Dalam memutus permohonan LPSK mempertimbangkan sejumlah aspek, di antaranya posisi FH sebagai saksi, informasi dimiliki, potensi ancaman, serta karakteristik dan keseriusan perkara.
“Mempertimbangkan situasi khusus dalam perkara, keseriusan tindak pidana yang diperiksa, serta adanya potensi ancaman terhadap yang bersangkutan,” kata Susilaningtias, Selasa (25/8/2026).
Berdasarkan penelaahan LPSK informasi penting yang dimiliki FH terkait perkara Asabri-Jiwasraya, hal ini sebelumnya telah disampaikan FH kepada aparat penegak hukum dan Kejaksaan Agung.
Informasi tersebut menjadi salah satu pertimbangan LPSK karena keterangan seorang saksi dapat memiliki peran penting dalam membantu proses penegakan hukum.
Khususnya dalam perkara seperti korupsi dan Tindak Pidana Pencucian Uang (TPPU), sehingga Ferry Hongkiriwang diharapkan dapat membantu pengungkapan perkara.
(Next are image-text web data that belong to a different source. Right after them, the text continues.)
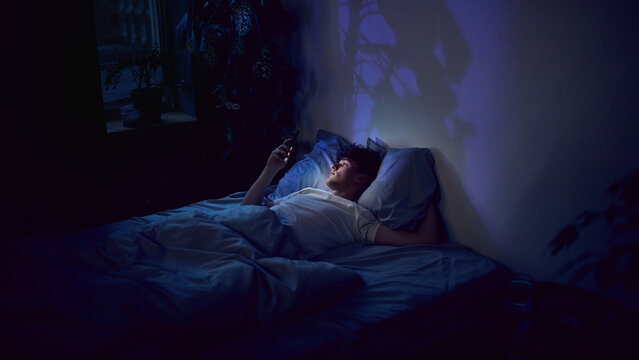 Young man lying in bed using smartphone late at night. Concept of streaming services, social media scrolling, ecommerce browsing, digital subscriptions and extended screen time.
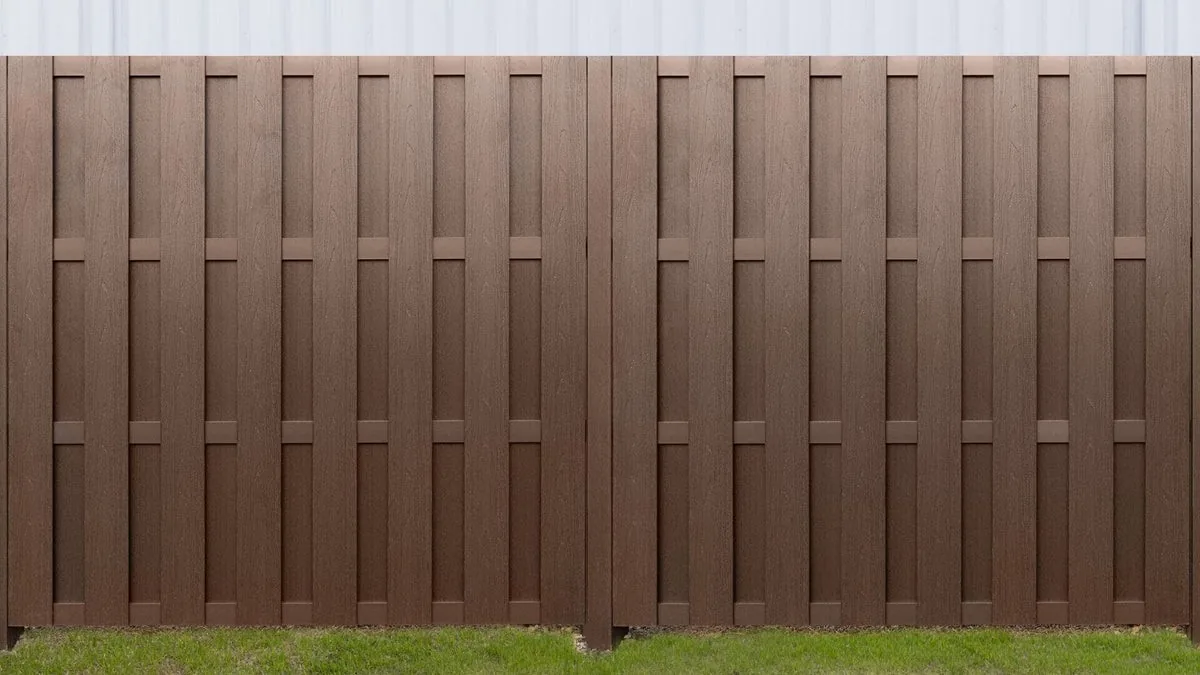 Brown cap composite shadowbox picket fence beside a metal building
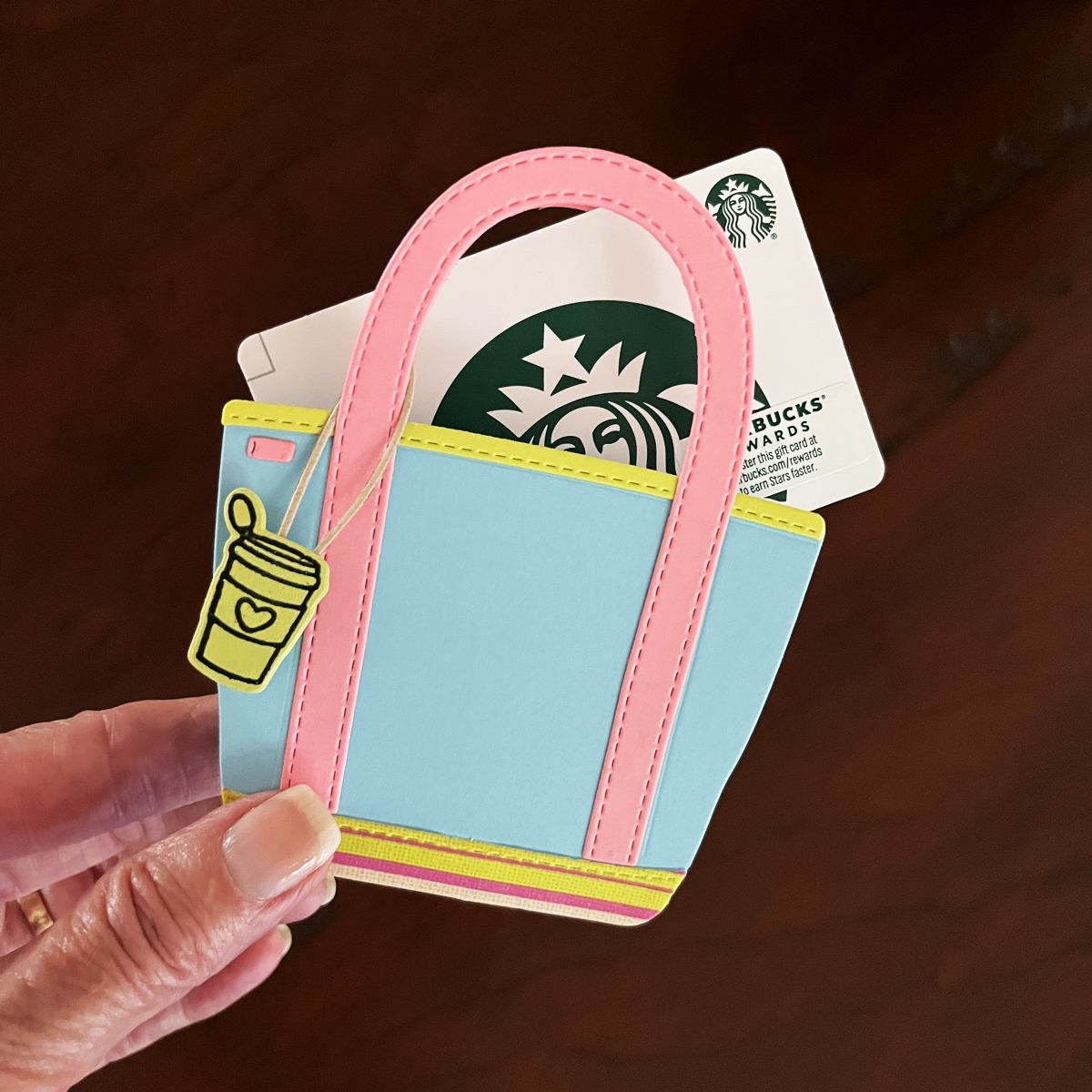 Tote bag holding a gift card, styled as a decorative papercraft gift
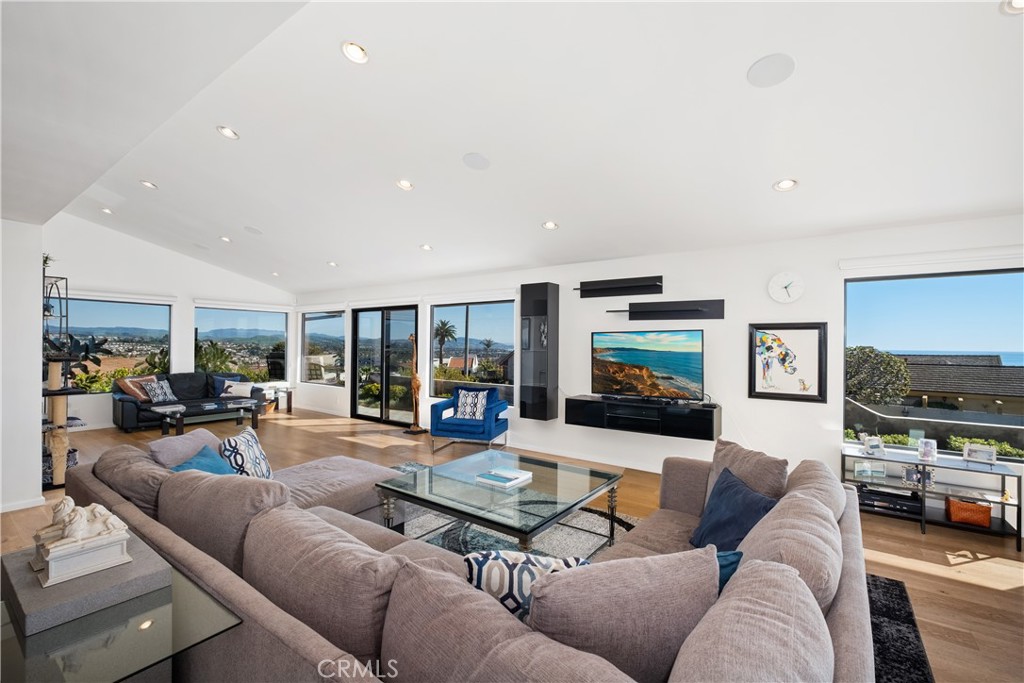 32182 Sea Island Drive Dana Point, CA 92629 - Photo 11 of 48 a living room with furniture and a flat screen tv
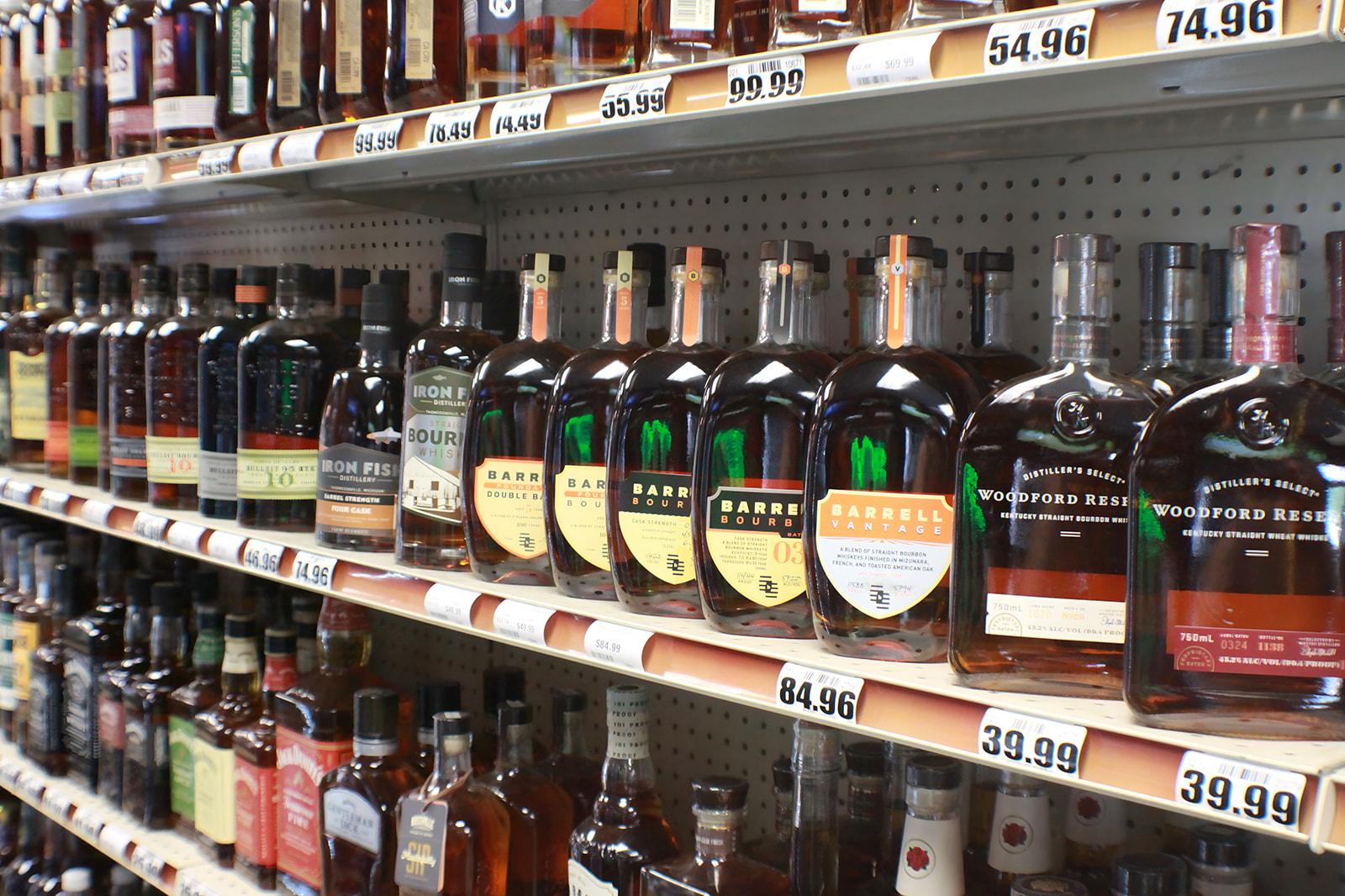 Bourbon shelf inside Bay Party Store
Sementara terkait potensi ancaman, LPSK menyatakan hingga kini belum ditemukan ancaman nyata terhadap Ferry Hongkiriwang, namun risiko ancaman tetap diantisipasi.
“Memang saat ini tidak ada ancaman secara nyata, tetapi potensinya ada,” ujarnya.
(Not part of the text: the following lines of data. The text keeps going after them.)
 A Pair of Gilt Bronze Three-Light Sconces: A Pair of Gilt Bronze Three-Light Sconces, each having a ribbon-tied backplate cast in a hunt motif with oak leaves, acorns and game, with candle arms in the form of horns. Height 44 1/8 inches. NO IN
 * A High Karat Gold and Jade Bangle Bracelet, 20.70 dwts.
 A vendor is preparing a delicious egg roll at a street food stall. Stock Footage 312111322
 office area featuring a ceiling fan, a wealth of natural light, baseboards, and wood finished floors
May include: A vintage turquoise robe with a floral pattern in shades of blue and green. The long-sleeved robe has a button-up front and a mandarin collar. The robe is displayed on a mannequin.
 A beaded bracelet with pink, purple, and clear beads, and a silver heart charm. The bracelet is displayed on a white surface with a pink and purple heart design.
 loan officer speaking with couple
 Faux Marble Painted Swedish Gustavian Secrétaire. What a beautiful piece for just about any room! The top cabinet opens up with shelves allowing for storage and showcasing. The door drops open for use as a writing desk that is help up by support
Sementara pertimbangan situasi khusus, antara lain mempertimbangkan kerentanan, keseriusan tindak pidana, posisi dalam perkara, serta profil tersangka, terdakwa.
LPSK menilai kasus korupsi dan TPPU sebagai pidana serius, selain itu LPSK memperhatikan profil pihak berkaitan dengan perkara, termasuk posisi dan kewenangan.
“Kami juga melihat profiling pelaku (Febrie), karena yang bersangkutan pernah menjabat dan memiliki kekuasaan. Itu menjadi pertimbangan LPSK memberikan pelindungan kepada FH,” tuturnya.